Short descriptive text snippets
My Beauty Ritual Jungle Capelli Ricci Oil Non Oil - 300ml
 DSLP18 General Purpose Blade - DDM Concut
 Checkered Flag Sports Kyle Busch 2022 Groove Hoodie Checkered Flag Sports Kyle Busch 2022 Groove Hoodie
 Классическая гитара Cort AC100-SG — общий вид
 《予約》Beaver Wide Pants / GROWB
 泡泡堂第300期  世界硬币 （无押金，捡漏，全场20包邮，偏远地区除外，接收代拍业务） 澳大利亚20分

## Exercise instructions
Reproduce the data. Keep it exact.

## Exercise response
My Beauty Ritual Jungle Capelli Ricci Oil Non Oil - 300ml
 DSLP18 General Purpose Blade - DDM Concut
 Checkered Flag Sports Kyle Busch 2022 Groove Hoodie Checkered Flag Sports Kyle Busch 2022 Groove Hoodie
 Классическая гитара Cort AC100-SG — общий вид
 《予約》Beaver Wide Pants / GROWB
 泡泡堂第300期  世界硬币 （无押金，捡漏，全场20包邮，偏远地区除外，接收代拍业务） 澳大利亚20分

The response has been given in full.